Mining accidents seem to be Turkey’s destiny. Deadly disasters caused by methane gas explosions, fires, cave-ins and flooding occur almost on a yearly basis. More than 3,000 miners have been killed in Turkey since 1941, including 78 in 2012 and 95 in 2013.
The main reason behind the tragedies is the inadequate level of safety measures in workplaces. In October 2013, lawmakers of the main opposition Republican People’s Party (CHP), backed by colleagues from the two other opposition parties in parliament, submitted a proposal to create a parliamentary inquiry commission to look into the rising number of accidents. The proposal, spearheaded by CHP deputy Ozgur Ozel, called for an inquiry into the reasons and persons responsible for deadly accidents in Soma, a region dotted with coal mines in western Turkey. The proposal, which made it to the general assembly only on April 29, was voted down by Justice and Development Party (AKP) lawmakers, who hold a comfortable majority in parliament.
Two weeks later, on May 13, the deadliest mining accident in Turkish history struck Soma, claiming 301 lives. In fact, to call the disaster an “accident” may be inaccurate. The miners might have not perished had they had safe rooms as their colleagues in European countries do.
Turkish employers, however, are loath to make costly investments. The boss of the Soma mine, for instance, preferred to use his earnings from the mine to erect a luxury residential building in Istanbul rather than setting up safe rooms, each of which would have rescued 40 workers. The $250,000 cost of a safe room was too expensive for 40 lives!
The government could have made the safe rooms compulsory had it wished to do so. During a debate in parliament’s planning and budget commission on July 11, CHP lawmakers proposed making the measure compulsory, but again their AKP colleagues voted down the motion. Labor and Social Security Minister Faruk Celik also said he was against the proposal, flouting one of his basic missions — ensuring worker safety — and turning a blind eye to the regulations of the European Union, which Turkey is seeking to join, as well as International Labor Organization (ILO) conventions, which make safe rooms an obligatory measure.

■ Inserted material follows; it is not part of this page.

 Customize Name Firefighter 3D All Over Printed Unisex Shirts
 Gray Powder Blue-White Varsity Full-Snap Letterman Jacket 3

Last week, the government came up with a cheaper measure: a plan to put microchips on miners. Not a safe room to save lives, but a chip costing just a few dollars to track the workers.

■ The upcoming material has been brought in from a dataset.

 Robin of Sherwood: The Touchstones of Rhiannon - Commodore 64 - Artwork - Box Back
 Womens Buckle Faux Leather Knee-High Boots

Commenting on the measure, which Prime Minister Ahmet Davutoglu announced as part of a draft package of workplace safety measures, a social media user wrote: “[It’s] a measure they plan to add to mining laws that would supposedly prevent the deaths of miners. What can a chip do to save a human life in the event of disaster? It can only help locate miners’ corpses.”
Indeed, that’s the key question: What can a chip do to save a human life in the event of disaster? Time is a critical factor in mine explosions. The quick refuge of safe rooms saves workers’ lives. But a chip has no immediate rescue function, helping only in locating workers. Reaching located workers takes hours and sometimes days. Hence, the chip itself does not guarantee workers will be saved.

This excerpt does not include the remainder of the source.